The plan had been that Thanh should live with Mai and her husband, but Thanh insists on moving in with Dwayne and his roommate Michael (Tyler Christopher), although Dwayne barely remembers her and harbors deep resentment toward her for abandoning him.

In short, Chi has created a volatile situation ripe for both humor and pathos, and he discovers plenty of both. He should have quit while he was ahead. Instead he throws in a murky and contrived subplot in which Dwayne finds himself in a curiously passionless relationship with Nina while becoming mightily upset that his hunky roomie has become involved with a pre-op Chinese transsexual, Samantha (Wing Chen). You’re given the impression that Dwayne is struggling to deny his attraction to Michael, but Chi raises this possibility only to back away from it. That Thanh seems a latent racist, not at all pleased that Dwayne is engaged to Nina and eager to line up a Vietnamese girl for him, is quite enough of a complication; Michael and Samantha are a whole other movie.

Chi is on far surer ground as a writer-director in the film’s more serious moments or at those times when the humor seems to arise naturally from a complicated predicament. He is a good director of actors, though a bit of a showoff himself, too eager to hog the spotlight. Yet in its theatrical way “Cat-fish in Black Bean Sauce” does end on a note of hard-earned wisdom and reconciliation.

* MPAA rating: PG-13, for brief strong language and sexual content. Times guidelines: some adult situations, suitable for mature older children.
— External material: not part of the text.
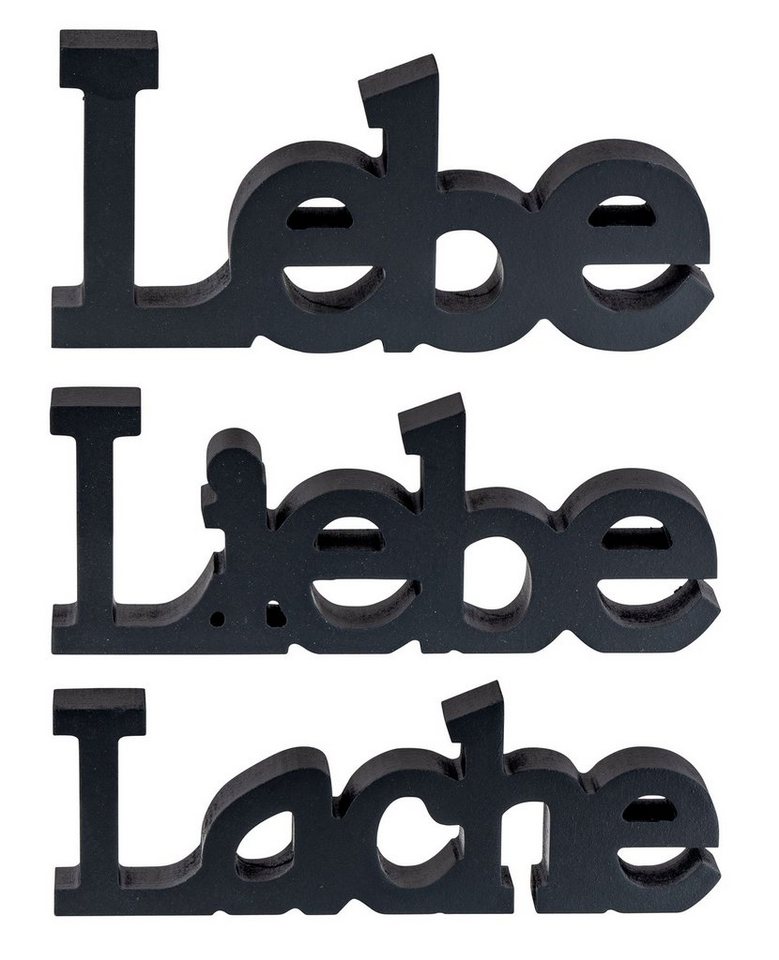 Levandeo® Deko-Schriftzug, 3er Set Schriftzug Lebe Liebe Lache Schwarz MDF Holz Deko Aufsteller von Levandeo®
‘Catfish in Black Bean Sauce’

Paul Winfield: Harold Williams

Mary Alice: Dolores Williams

Chi Muoi Lo: Dwayne

Lauren Tom: Mai

A Blackhawk Entertainment release of an Iron Hill Pictures/Warwick Pictures production. Writer-producer-director Chi Muoi Lo. Cinematographer Dean Lent. Editor Dawn Hoggatt. Music Stanley A. Smith. Costumes Maral Kalinian. Production designer Skyler J. Adler. Running time: 1 hour, 52 minutes.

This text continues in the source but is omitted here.